Guterres and the Background Framework
In parallel with the bilateral contact, Guterres has been exploring a new diplomatic framework, according to diplomatic sources cited in Greek Cypriot media. The approach centres on preserving points of convergence reached before the collapse of the 2017 Crans-Montana talks, rather than reopening every chapter from scratch, as reported by Bosphorus News. No formal proposal has been announced. What is visible is probing, not a defined process.
The Greek Cypriot government spokesman said on April 23 that a new UN initiative is "already underway." That language is stronger than anything the UN itself has confirmed. The gap between what Nicosia is signalling and what New York has formalised is part of the pattern.
The Structural Ceiling
Cyprus cannot join NATO because Türkiye holds a veto. Cyprus cannot access the EU's SAFE defence funding mechanism in full because Türkiye is excluded from it, and that exclusion is linked to unresolved disputes in the Aegean and Cyprus. Türkiye is one of three guarantor powers under the 1960 Treaty of Guarantee, a status that gives Ankara a legal basis for its military presence and a formal role in any settlement architecture.
As analysed by Bosphorus News, this produces a system of mutual blockage operating in opposite directions across two institutions. Inside NATO, Türkiye blocks Cyprus. Inside the EU, Cyprus and Greece block Türkiye's access to defence mechanisms. Neither veto resolves anything. Both entrench the status quo.

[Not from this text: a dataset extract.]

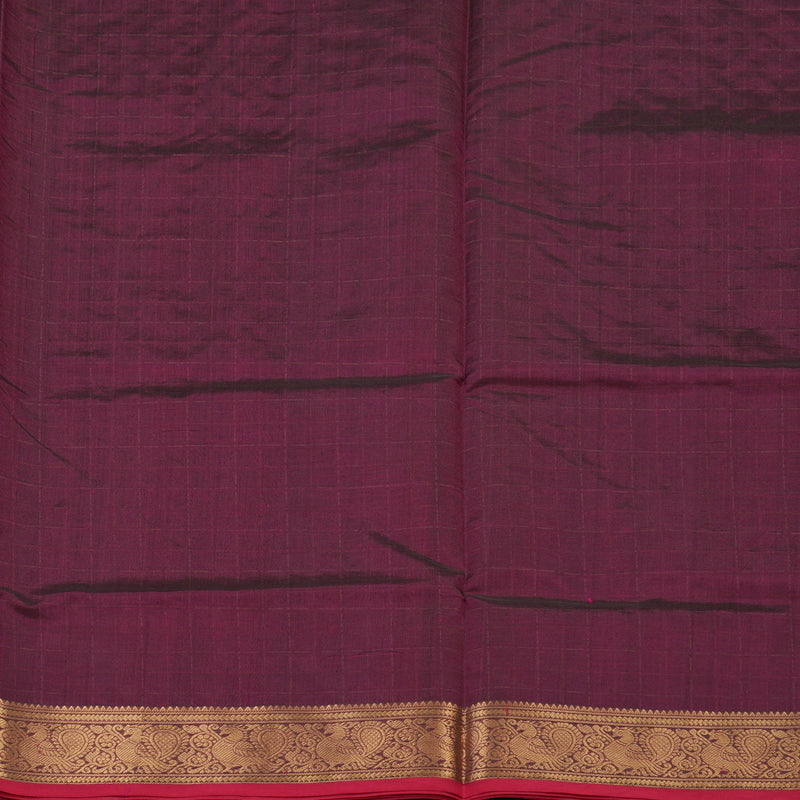 Hayagrivas Wine Purple Kanchi Silk Cotton Saree KSBE124C5-19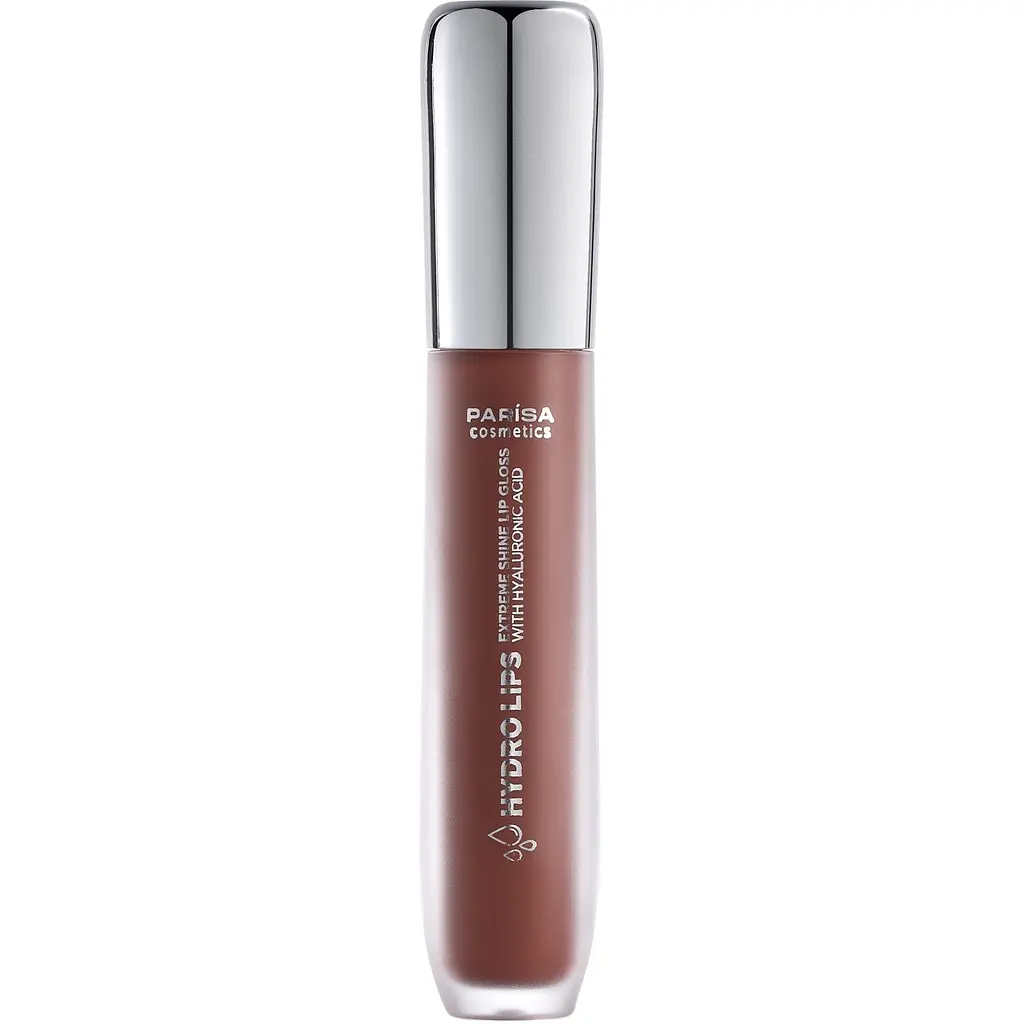 Блиск для губ Parisa Hydro Shine Lip Gloss with Hyaluronic Acid PHL-06 №05 Rosewood nude 6 мл - фото 2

Erdoğan made the parameters explicit on April 16, when he told Erhürman in Ankara that Türkiye is ready to take "every step" to defend the TRNC and warned that foreign military deployments to Cyprus must not become permanent. The meeting was attended by intelligence chief İbrahim Kalın and senior presidential advisers. It was not a routine bilateral. It was a coordination session ahead of the EU summit in Nicosia.
Where the Process Sits
The negotiators met on April 22. A date will be announced. Christodoulides is hosting the EU summit and pressing for Article 42.7 to be operationalised. Erhürman is coordinating with Ankara and insisting on a rules-based process with a defined end point. Guterres is working quietly on a framework that has not yet been announced.
The contact is real and the movement is cautious, as Erhürman has said it plainly: without Türkiye's approval, a solution is technically not possible. On April 16, Erdoğan and Erhürman sat down in Ankara to make sure of it.
***Sources: Cyprus Mail, Cyprus News Agency, ANKA News Agency, Kıbrıs Postası TV, IBNA, Parikiaki, Bosphorus News reporting. Guterres framework details are based on diplomatic sources cited in Greek Cypriot media and have not been formally confirmed by the United Nations.